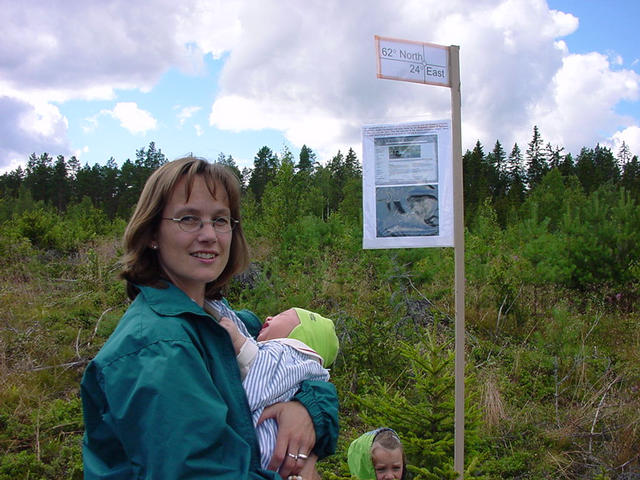 The youngest visitor: Lennart (8 weeks old)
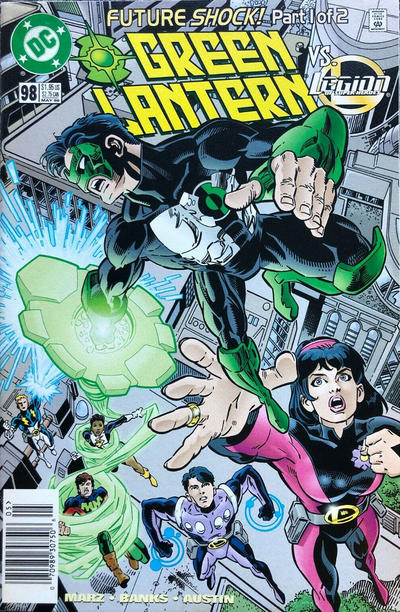 Cover for Green Lantern (DC, 1990 series) #98 [Newsstand]
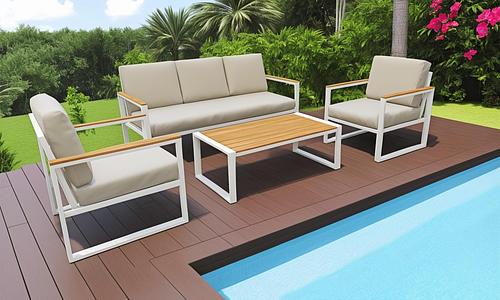 Sienna 5 Seater Aluminium Lounge Set #1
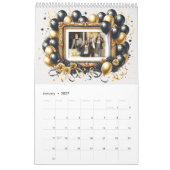 Saisonaler benutzerdefinierter Fotorahmkalender Kalender (Jan 2027)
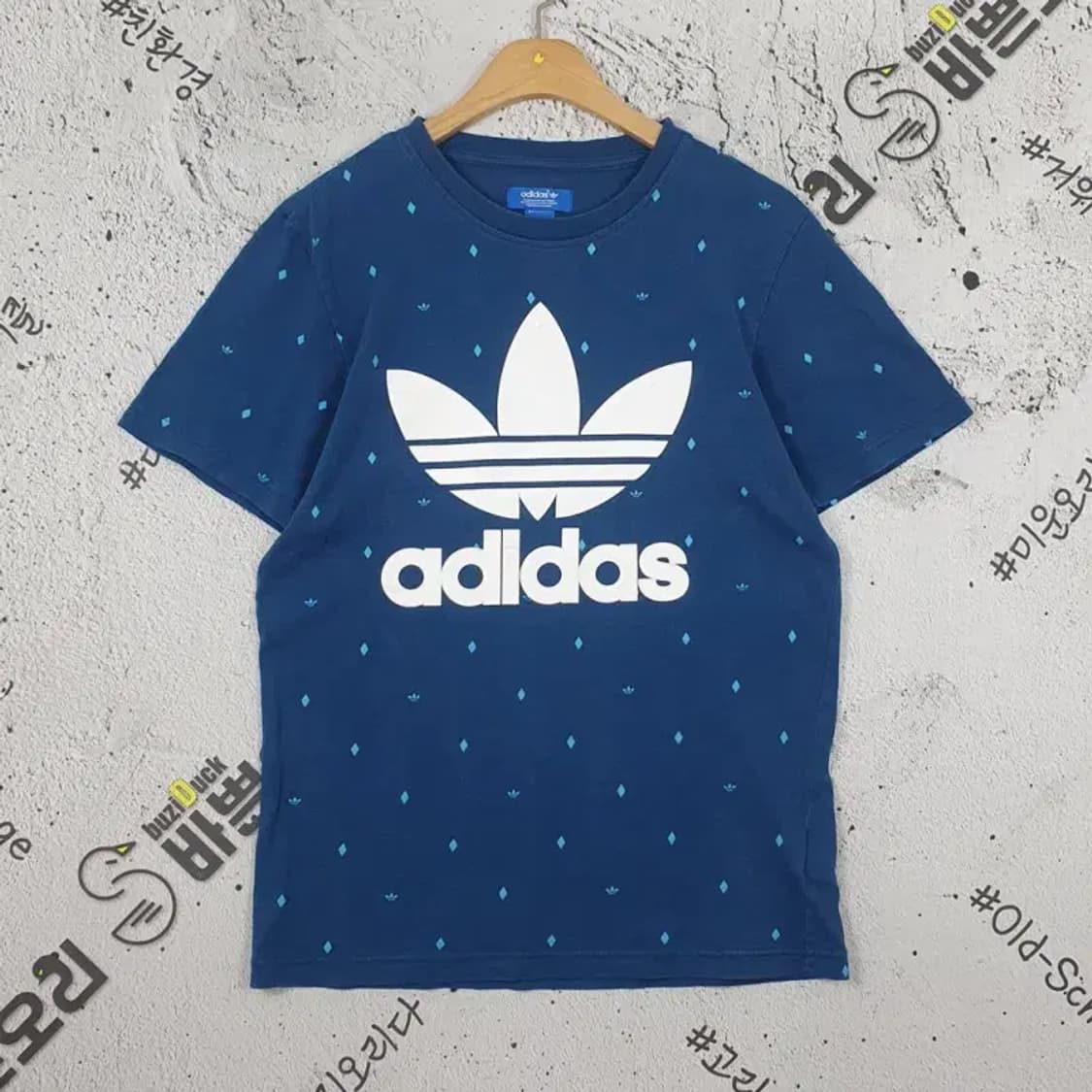 아디다스 트레포일 ADIDAS 반팔 티 빈티지 네이비 95 1000423 상품이미지1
▬▬▬
* Work to be completed:
Please retype exactly the lines from the one containing "Cover for Green" through the last line of the records, both included, leaving out every picture.

* Answer to the problem:
 Cover for Green Lantern (DC, 1990 series) #98 [Newsstand]
 Sienna 5 Seater Aluminium Lounge Set #1
 Saisonaler benutzerdefinierter Fotorahmkalender Kalender (Jan 2027)
 아디다스 트레포일 ADIDAS 반팔 티 빈티지 네이비 95 1000423 상품이미지1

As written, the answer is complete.